Clause 1 - Entitlement
State Pension Credit Bill [Lords]
10:32 am

Photo of Mr Tim Boswell

Mr Tim Boswell (Daventry, Conservative)

Thank you, Mr. Griffiths, for starting us off on a good note. The amendments are possibly both trivial and profound simultaneously—trivial because they relate to a piece of nomenclature and drafting, and profound in that they expose some of the details and equivocations of the strategy behind the Bill.

It is obvious, even to a casual observer, that amendments Nos. 9, 10, 11 and 12 all have the same effect in their different places—to leave out ''state'' in state pension credit. It is not easy or even possible to amend the short or long title or, indeed, any of the rubrics to a Bill, such as that which appears on line 1:

''State pension credit: entitlement and amount''.

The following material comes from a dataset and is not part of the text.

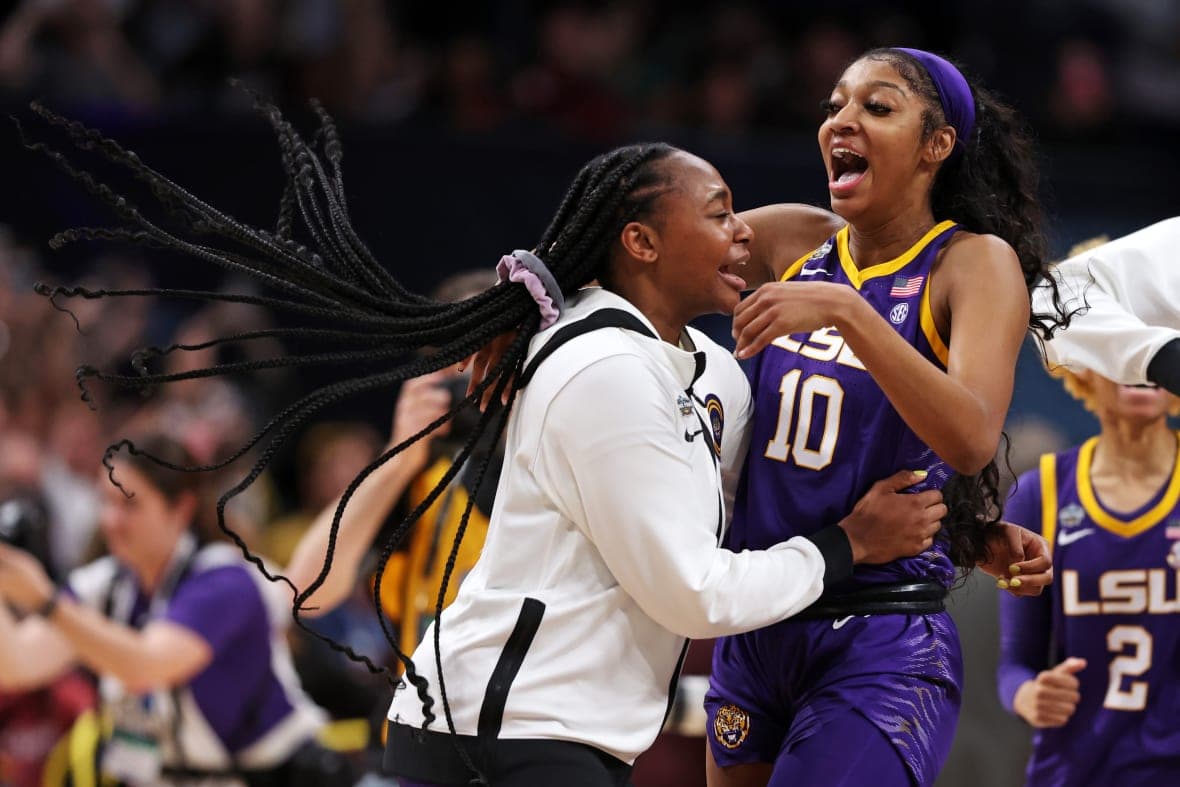 Angel Reese of the LSU Lady Tigers, right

One can only amend the text of the Bill. The amendments seek to probe an apparently minor matter—what the benefits to be derived from the Bill will be called. It is odd that the word ''state'' is inserted before the words ''pension credit'', not least because Ministers made it clear in the points of guidance, including the Select Committee Report, that the benefit would be called the pension credit. We now find that it has an unnecessarily long and pompous title in the formal presentation.

I also have reservations about why the benefit is called a state credit. I rehearse each day whether I understand how the Bill works, and I think that I do—at least for parts of the day.